As Connecticut’s Latino communities continue to grow and thrive, a new generation of young Latinos are making a name for themselves. They are entering new fields, breaking barriers and following their dreams. Their confidence, determination and work ethic ensures that their future is bright. We’ve identified five of these young Latino dynamos, from diverse fields, but we know there are many, many more. Congratulations to all who work hard every day and believe in themselves and their ability.
Our 2014 list of “Young Latinos To Watch”
Governor Dannel P. Malloy today announced that he intends to appoint Andres Ayala of Bridgeport to serve as Commissioner of the Department of Motor Vehicles (DMV) when his second term in office begins on January 7, 2015. Ayala will succeed Commissioner Melody Currey, who currently serves in the role and will soon be transitioning as the incoming Commissioner of the Department of Administrative Services.
“Andres has dedicated himself to improving the lives of not only the residents of the district that he serves, but also the lives of the children he teaches in Bridgeport’s school district,” Governor Malloy said. “I had the opportunity to get to know him during my first term in office as Governor, and I’ve consistently been impressed by his passion for public service and his commitment to finding new and efficient ways to improve government services. While I know the residents of his district won’t like to see him go, I am confident that his service as DMV Commissioner will benefit residents of the entire state.”
A surprise winner, this young Republican, whose family is from Panama and Puerto Rico, is now the youngest State representative in Connecticut’s legislature. The 20 year-old
won his party’s nod to run for the state House from the 41st District, which covers Groton and New London. He plans to join the legislature’s Black and Latino Caucus, where he will be the lone Republican,which demonstrates his willingness to work across party lines, to represent his urban constituents. He is on his way to becoming an effective legislator.
This young Latino from Bridgeport may be new to the state’s legislature this year, but he is not new to advocacy, politics and working on behalf of the Latino community. This is the 2nd year we’ve name Chris to our Young Latino leaders list. He recently won the election to represent his hometown of Bridgeport in the state legislature as representative from the 128 District. He has been Bridgeport’s youngest department head as Director of Anti-Blight under the Office of Neighborhood Revitalization, and has launched numerous new initiatives; under his leadership, the city has seen a vast improvement in quality of life issues in the community. No doubt he will put his tough work ethic to good use at the state capitol.

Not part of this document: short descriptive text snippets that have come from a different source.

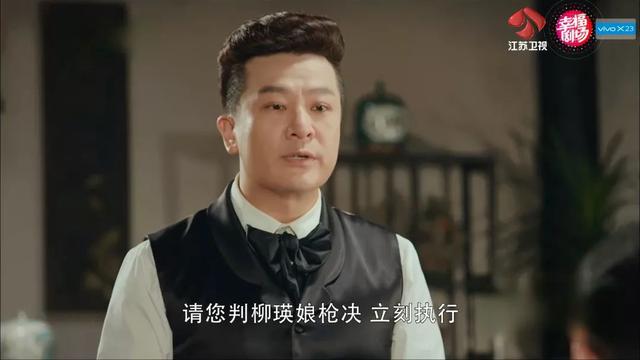 在娘道剧中于毅演三个角色，于毅一人分饰两角演绎不一样的暖心亲情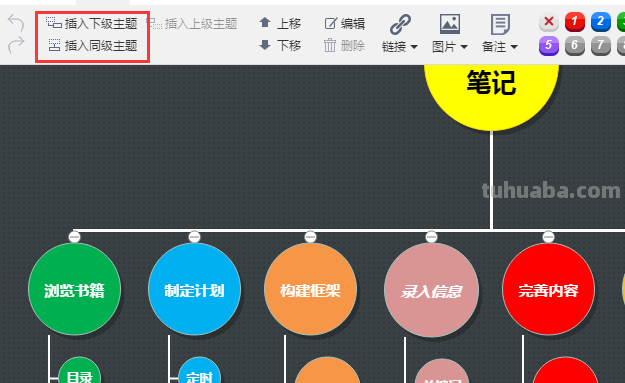 电脑上有思维导图么 xmind电脑版？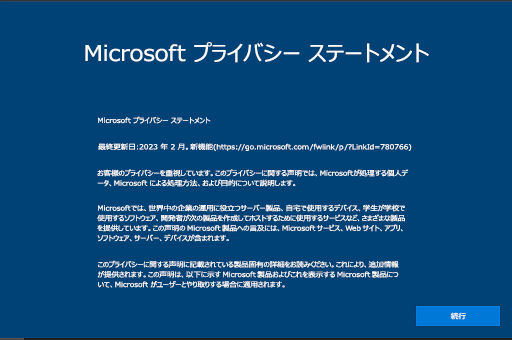 Windows 10の場合
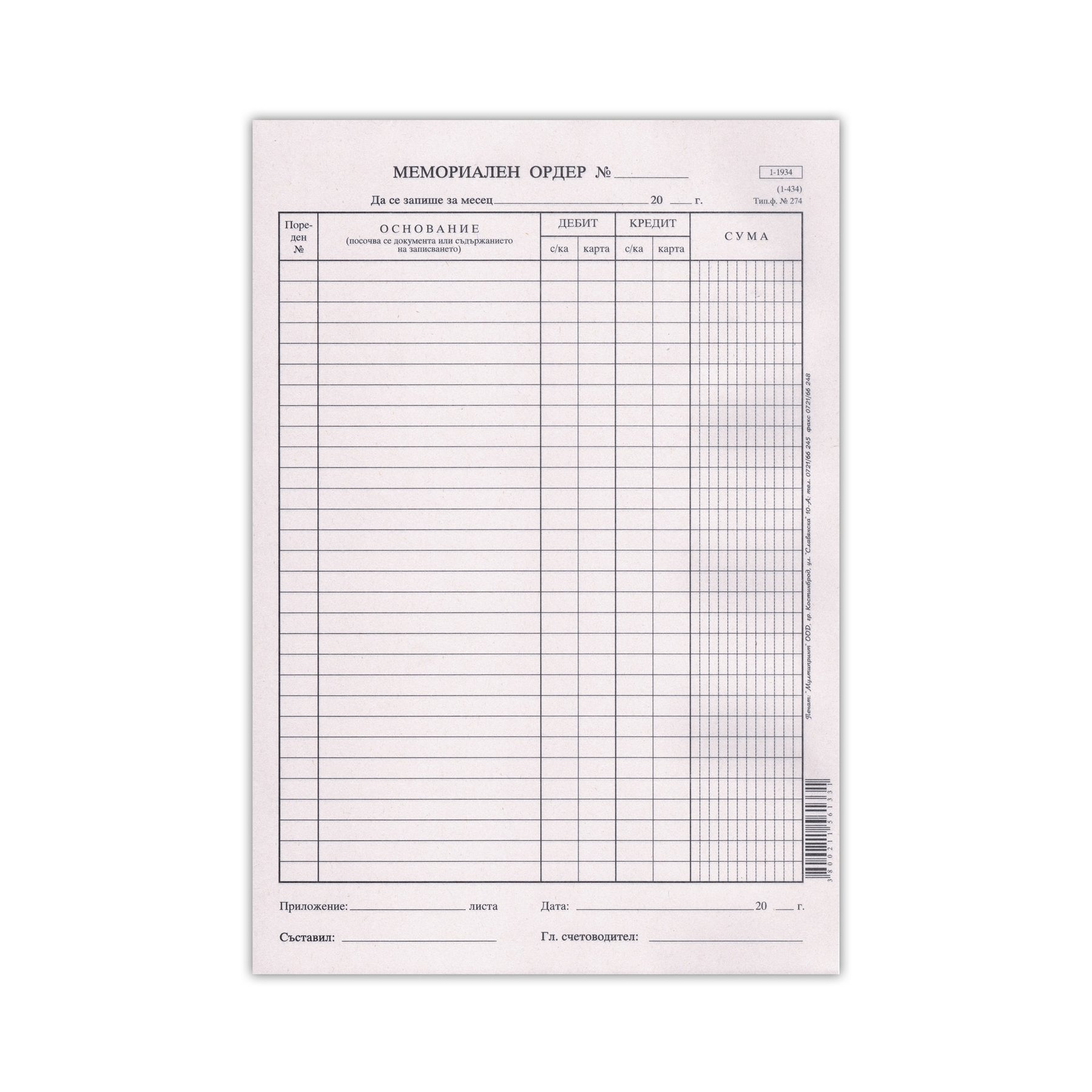 Memorial Order Book, large, 100 sheets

This young 20 year-old is the only Hispanic on Norwalk’s Common Council, and its youngest member. She went from being able to vote in 2012 for the first time, to
being on the ballot and winning an election in 2013. She says, being the only Hispanic on the board has given her a greater sense of responsibility. Hispanics in Norwalk make up 47 percent of the school system, and represent a growing constituency. Melendez has been a supporter of the initiative Latinos Unidos in Connecticut [LUC], which is attempting to bring together the different Hispanic communities to unite and create a stronger voice when it comes to advocating for Latino issues.
Still in college, this young Latina’s dedication and hard work make for a bright future.
In the “Who Says You Can’t Do It” category, Ally Morell is a star.
Soccer is her passion and when she wanted to attend University High school in
Hartford, she learned the school did not have a girl’s soccer team. Aly, who has been playing soccer since grade school, has never been one to back down from something, so she made the hard choice and decided to get out of her comfort zone and go out for the boy’s soccer team. She is the only girl on the team and certainly a wonderful example for all young people of just believing in yourself.
This young Latina who was raised in Woodbury, didn’t think it took much courage to write and submit a play to the Manhattan Repertory Theater. But, Alexandra. who was born in Colombia, did just that. Her play was accepted and she went on to produce, act in and direct it.
The one act play, which ran several nights, tells the story a deaf audio intern and her struggling co-workers trying to break into the music industry in New York. The multi-talented Alexandra also paints, and sings, is a member of the New York Women in Film & Television, has produced short film festivals in New York and Washington DC, and recently produced a national commercial for a contest linked to the upcoming Superbowl. She has worked as a correspondent for CTLatinoNews and other publications.
At 26 years of age, this college grad says she still has much more to explore, and hopes to continue producing and creating inspiring stories.